>>>>

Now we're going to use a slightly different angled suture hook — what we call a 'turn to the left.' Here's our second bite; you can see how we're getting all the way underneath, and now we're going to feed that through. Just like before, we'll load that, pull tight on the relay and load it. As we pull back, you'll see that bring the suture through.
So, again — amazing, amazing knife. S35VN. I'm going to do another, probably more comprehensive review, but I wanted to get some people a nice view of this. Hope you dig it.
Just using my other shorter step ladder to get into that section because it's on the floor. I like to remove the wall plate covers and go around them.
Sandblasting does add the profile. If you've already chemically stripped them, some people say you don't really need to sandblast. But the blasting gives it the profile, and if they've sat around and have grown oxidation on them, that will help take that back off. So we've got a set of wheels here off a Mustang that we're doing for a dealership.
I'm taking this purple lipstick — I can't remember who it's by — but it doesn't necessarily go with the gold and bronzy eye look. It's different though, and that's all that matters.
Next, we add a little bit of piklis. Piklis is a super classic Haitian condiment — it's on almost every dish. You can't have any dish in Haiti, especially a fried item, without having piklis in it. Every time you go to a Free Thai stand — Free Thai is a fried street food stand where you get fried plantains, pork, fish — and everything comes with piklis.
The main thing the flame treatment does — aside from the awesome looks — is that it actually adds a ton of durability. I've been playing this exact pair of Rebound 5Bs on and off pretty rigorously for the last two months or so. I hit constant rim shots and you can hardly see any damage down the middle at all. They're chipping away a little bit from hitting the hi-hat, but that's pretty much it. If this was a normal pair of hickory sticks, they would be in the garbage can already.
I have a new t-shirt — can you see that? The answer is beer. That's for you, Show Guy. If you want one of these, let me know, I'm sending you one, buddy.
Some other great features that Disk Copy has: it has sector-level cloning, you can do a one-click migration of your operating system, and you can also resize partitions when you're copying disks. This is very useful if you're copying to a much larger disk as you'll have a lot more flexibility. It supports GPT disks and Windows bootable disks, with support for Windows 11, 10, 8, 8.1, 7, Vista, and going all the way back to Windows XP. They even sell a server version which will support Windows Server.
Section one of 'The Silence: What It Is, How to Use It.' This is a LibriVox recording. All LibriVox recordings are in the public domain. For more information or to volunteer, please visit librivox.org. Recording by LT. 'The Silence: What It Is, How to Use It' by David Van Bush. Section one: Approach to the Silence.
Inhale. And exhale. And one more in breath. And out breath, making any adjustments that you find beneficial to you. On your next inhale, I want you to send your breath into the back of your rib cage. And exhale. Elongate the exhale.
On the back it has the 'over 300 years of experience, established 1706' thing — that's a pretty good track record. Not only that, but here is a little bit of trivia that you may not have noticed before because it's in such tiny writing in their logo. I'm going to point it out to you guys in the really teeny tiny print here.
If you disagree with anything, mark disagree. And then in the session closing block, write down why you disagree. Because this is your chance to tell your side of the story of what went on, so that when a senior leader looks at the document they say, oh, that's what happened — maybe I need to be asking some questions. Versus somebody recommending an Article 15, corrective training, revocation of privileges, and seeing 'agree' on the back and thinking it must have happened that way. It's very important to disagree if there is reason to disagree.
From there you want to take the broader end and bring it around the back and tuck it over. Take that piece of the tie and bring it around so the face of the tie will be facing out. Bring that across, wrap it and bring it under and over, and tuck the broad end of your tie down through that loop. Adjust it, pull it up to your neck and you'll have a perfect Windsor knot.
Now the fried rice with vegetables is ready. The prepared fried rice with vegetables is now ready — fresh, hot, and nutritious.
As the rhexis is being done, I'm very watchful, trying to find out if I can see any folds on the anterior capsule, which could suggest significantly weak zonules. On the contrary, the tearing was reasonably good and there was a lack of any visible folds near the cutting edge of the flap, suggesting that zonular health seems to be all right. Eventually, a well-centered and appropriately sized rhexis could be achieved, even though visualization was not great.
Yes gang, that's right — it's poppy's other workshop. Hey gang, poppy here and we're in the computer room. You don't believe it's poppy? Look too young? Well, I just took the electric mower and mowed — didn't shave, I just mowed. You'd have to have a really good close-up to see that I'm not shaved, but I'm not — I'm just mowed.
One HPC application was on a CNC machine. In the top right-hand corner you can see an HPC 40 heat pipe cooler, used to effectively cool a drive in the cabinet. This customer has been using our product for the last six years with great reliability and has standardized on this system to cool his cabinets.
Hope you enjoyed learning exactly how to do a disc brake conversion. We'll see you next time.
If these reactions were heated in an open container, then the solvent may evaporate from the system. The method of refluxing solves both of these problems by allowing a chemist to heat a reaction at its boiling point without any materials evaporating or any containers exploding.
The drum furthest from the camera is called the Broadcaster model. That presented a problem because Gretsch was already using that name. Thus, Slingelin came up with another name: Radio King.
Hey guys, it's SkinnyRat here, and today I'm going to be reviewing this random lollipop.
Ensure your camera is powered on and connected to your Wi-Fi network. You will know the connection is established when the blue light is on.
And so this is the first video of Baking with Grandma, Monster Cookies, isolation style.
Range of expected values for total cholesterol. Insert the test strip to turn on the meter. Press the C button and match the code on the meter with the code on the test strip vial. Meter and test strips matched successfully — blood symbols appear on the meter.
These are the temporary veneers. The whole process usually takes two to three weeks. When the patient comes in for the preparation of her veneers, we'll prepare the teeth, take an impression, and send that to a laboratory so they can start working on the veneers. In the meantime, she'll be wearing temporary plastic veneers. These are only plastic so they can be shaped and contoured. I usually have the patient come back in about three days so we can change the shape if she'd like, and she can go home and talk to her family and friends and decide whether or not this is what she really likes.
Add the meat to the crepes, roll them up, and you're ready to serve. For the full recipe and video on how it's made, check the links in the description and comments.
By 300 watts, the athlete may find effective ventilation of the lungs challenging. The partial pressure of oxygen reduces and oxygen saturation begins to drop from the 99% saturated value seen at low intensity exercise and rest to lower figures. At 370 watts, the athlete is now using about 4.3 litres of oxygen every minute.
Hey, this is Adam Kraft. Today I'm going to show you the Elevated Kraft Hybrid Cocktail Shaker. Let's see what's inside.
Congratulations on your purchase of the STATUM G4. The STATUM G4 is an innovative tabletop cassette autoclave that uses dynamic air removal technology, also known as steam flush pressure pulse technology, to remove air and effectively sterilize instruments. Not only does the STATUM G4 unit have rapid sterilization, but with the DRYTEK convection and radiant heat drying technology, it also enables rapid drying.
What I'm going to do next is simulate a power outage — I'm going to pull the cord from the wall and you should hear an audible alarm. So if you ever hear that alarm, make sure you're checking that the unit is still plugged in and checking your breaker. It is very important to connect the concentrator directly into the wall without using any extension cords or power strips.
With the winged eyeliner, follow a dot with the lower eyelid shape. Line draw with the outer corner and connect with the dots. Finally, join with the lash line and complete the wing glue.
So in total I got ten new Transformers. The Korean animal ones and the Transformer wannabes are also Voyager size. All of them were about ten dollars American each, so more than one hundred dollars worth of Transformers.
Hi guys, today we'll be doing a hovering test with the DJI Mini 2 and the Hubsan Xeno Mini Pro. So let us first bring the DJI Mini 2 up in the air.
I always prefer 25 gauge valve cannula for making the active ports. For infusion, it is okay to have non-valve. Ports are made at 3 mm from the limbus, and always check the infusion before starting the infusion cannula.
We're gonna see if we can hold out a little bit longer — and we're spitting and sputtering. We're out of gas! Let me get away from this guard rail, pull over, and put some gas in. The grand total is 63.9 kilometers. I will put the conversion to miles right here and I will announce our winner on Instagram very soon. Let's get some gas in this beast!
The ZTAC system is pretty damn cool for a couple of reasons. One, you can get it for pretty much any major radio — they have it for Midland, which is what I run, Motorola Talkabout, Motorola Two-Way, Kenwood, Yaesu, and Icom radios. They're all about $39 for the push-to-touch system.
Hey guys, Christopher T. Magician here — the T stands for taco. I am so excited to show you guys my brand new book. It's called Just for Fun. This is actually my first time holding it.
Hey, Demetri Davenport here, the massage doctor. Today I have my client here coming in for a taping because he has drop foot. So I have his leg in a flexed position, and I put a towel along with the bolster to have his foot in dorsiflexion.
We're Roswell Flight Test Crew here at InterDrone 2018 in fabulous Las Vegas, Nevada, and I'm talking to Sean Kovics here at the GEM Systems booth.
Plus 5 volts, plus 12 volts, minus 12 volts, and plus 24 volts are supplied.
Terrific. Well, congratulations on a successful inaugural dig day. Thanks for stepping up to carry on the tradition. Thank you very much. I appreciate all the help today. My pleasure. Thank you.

<<<<

*Task prompt*. Among the entries above, copy exactly only the lines starting with the one containing "Hey guys, it's" and going through the one containing "Range of expected", both ends included.

*Answer space*.
Hey guys, it's SkinnyRat here, and today I'm going to be reviewing this random lollipop.
Ensure your camera is powered on and connected to your Wi-Fi network. You will know the connection is established when the blue light is on.
And so this is the first video of Baking with Grandma, Monster Cookies, isolation style.
Range of expected values for total cholesterol. Insert the test strip to turn on the meter. Press the C button and match the code on the meter with the code on the test strip vial. Meter and test strips matched successfully — blood symbols appear on the meter.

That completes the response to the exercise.